The Croton, also known as Joseph’s Coat, is beautiful foliage plant. Most people think greens, white, and yellows when they think of variegation, but the Croton has something special to offer. Picture hot pinks, reds, oranges, yellows, and bright greens; Crotons have them all! The different varieties of Croton have different combinations of color, so it’s good to shop around.

Crotons prefer bright, but filtered sun. They will survive if they are kept in lower light levels, but if you want to maintain their beautiful colors, sun is required. Avoid direct sun unless it is an early morning exposure or if it is winter-time. If you keep your Croton away from the window, supplemental lighting is probably a good idea. I like to use Daylight Compact Fluorescents for many of my houseplants; they really work well.

Try not to allow your plant to get too dry. I made this mistake early on, and let me tell you: this plant will be quick to express its displeasure! Crotons will wilt quickly and dramatically. If this happens, be sure to re-wet the potting mix quickly. If you don’t catch it right away the plant will most likely die. Also be sure that you never leave this plant sitting in water. Root rot will quickly set in, and again, the plant will most likely die.

Humidity is desirable, and misting is beneficial for Crotons. If you don’t want to mist regularly, you can supplement misting with a humidity tray.
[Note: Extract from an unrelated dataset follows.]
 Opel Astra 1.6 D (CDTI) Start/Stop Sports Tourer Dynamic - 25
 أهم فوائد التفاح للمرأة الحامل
Temperature is very important to Crotons. They are very particular about the range they will perform best in. 68 degrees Fahrenheit (20 degrees Celsius) is optimal. You definitely do not want to go much lower than this or leaves may begin to drop off. Sudden drafts can cause lots of leaves to drop all at once! Keep this in mind when selecting a location. Note whether your windows are leaky or if there is a cool draft running along the floor or under doors. Temperatures over the optimal will cause the plant simply to flag or sulk every so often, and the effects of drought will be more pronounced if temperatures are high.

Crotons do like to be fertilized. Fertilize regularly with a standard water-soluble fertilizer all through spring and summer. Be sure to follow the dosage recommendation on the package, as Nitrogen can cause green colors to dominate the leaves.

Propagation of Croton is often done by air-layering, but you can also take cuttings. If you take cuttings, be sure to strip away any woody layers on the inch you plan to stick in the potting mix and use a good rooting hormone.

Mealy bugs and scale are the most commons pests on Croton, and spider mites are an occasional visitor. Be sure to check the plant thoroughly before you purchase it for any signs of infestation.

It’s a good idea to give your Croton a pinch if you would like to give it a full, bushy form. I snipped the top of my plant off at the fourth node. From the base of the plant, I counted upwards until I reached the fourth branch or leaf and cut the rest of the plant off just above that spot. It’s best to do this when the plant is still on the small side to avoid stressing it out more than necessary.

Crotons have a reputation for being finicky, but with a little attention, your plant will reward you with brilliant colors to brighten the room. They aren’t as difficult as some would like you to believe; grow one and see!